▶ [Information supplied]
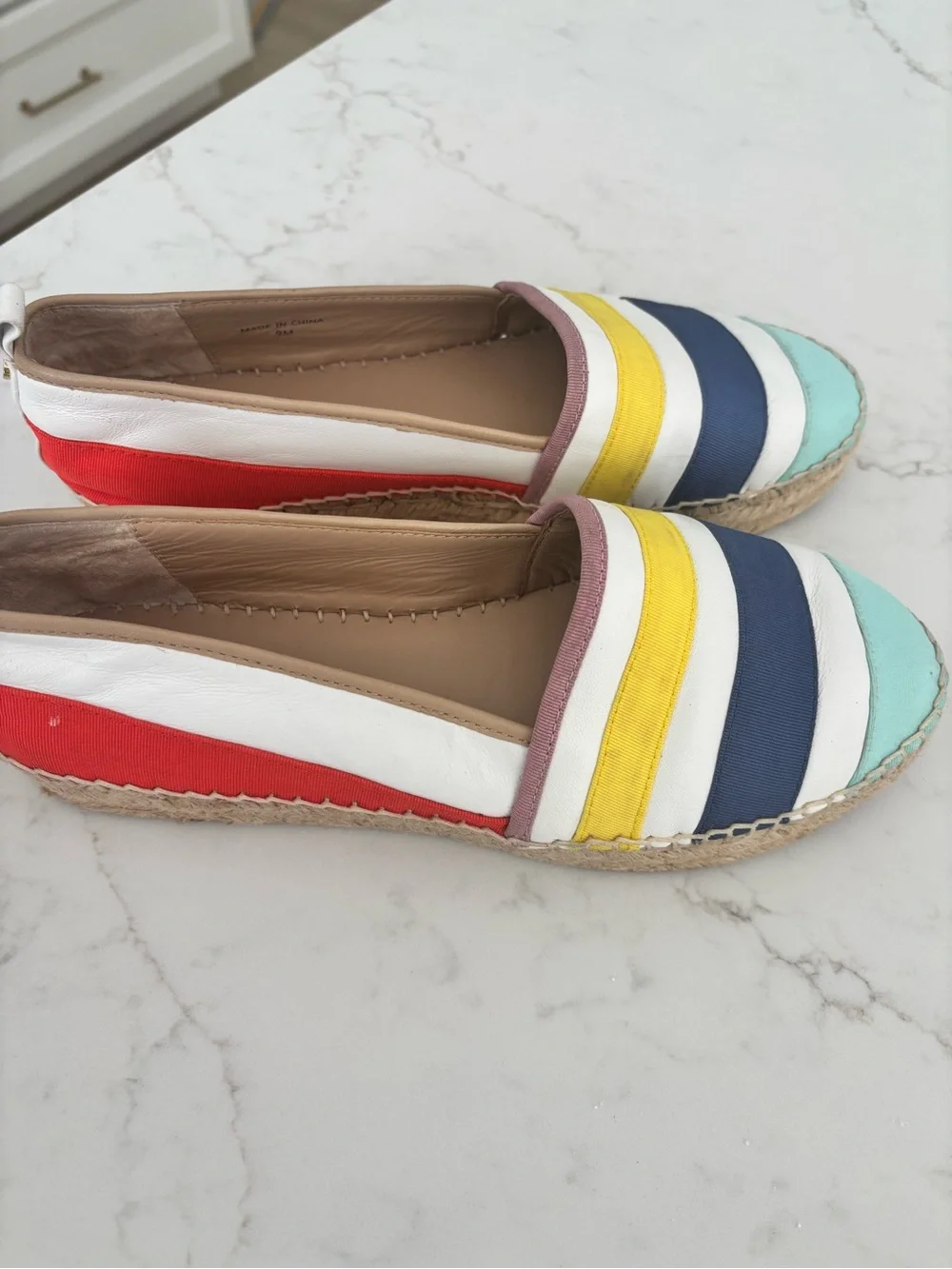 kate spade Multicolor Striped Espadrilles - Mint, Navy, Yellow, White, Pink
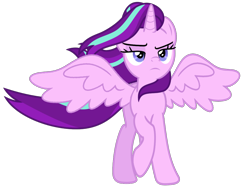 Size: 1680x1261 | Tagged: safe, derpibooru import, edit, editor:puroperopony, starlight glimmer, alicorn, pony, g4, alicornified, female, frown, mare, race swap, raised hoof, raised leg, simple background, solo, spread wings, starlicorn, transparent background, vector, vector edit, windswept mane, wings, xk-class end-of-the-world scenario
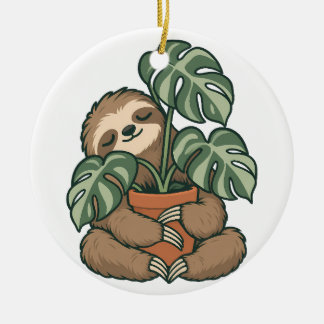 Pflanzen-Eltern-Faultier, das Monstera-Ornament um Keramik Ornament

▶ [Problem to solve] Repeat the data in full and exactly. Omit pictures.

▶ [Result of the task]
 kate spade Multicolor Striped Espadrilles - Mint, Navy, Yellow, White, Pink
 Size: 1680x1261 | Tagged: safe, derpibooru import, edit, editor:puroperopony, starlight glimmer, alicorn, pony, g4, alicornified, female, frown, mare, race swap, raised hoof, raised leg, simple background, solo, spread wings, starlicorn, transparent background, vector, vector edit, windswept mane, wings, xk-class end-of-the-world scenario
 Pflanzen-Eltern-Faultier, das Monstera-Ornament um Keramik Ornament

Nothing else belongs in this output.